La nouvelle Constitution fédérale

La nouvelle Constitution n’a rien fait pour modifier les attributs caractéristiques de l’État fédéral suisse, mais a reconnu sa nature fédérale en la concrétisant dans le texte de la loi.

La répartition des pouvoirs relève d’une structure tripartite qui regroupe le gouvernement, les cantons et les municipalités. C’est la première fois que l’on fait clairement mention des municipalités. Cela ne change toutefois rien au fait que les cantons sont toujours les partenaires avec lesquels le gouvernement fédéral transige directement. En outre, le gouvernement fédéral garantit l’existence, l’intégrité territoriale et l’ordre constitutionnel des cantons.

En ce qui concerne le partage des pouvoirs et des responsabilités, la nouvelle Constitution accorde des droits réservés au gouvernement fédéral alors que les cantons jouissent d'une juridiction subsidiaire. De plus, le gouvernement fédéral joue le rôle de « garant » à l'égard des constitutions cantonnières, s'assurant ainsi que les cantons ne puissent adopter de lois qui vont à l'encontre du partage des pouvoirs.

Tous les cantons sont fondamentalement égaux. Ils sont suffisamment autonomes pour définir et mettre en oeuvre leurs programmes, pour déterminer, percevoir et utiliser leurs recettes, et pour fixer leurs modalités organisationnelles et procédurales. Ils peuvent voir à leurs intérêts communs en coopérant les uns avec les autres par le biais d’ententes écrites ou d’organisations et d’institutions conjointes.

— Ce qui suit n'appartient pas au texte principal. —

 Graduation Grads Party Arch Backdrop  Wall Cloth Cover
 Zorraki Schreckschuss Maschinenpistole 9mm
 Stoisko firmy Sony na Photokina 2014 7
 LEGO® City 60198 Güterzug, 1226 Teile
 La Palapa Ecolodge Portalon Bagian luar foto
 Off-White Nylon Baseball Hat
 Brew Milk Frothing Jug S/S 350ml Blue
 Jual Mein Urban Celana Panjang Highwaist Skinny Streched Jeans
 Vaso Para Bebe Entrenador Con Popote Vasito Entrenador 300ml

L’État fédéral est donc unifié de deux façons : par l’intermédiaire du gouvernement fédéral et entre les cantons eux-mêmes. Toutes les relations intergouvernementales qui lient les deux niveaux sont régies par une même obligation de coopérer (qu’on appelle « Bundestreue », soit la fidélité à l’État fédéral).

En vue de garantir le partage des pouvoirs, la nouvelle Constitution accorde aux cantons des droits substantiels pour participer à l’élaboration des politiques fédérales. À preuve, il n’est pas possible de modifier la Constitution fédérale sans l’accord d’une majorité de cantons. De plus, huit cantons peuvent se regrouper pour exiger la tenue d’un référendum optionnel dans le but de bloquer l’adoption d’une loi fédérale.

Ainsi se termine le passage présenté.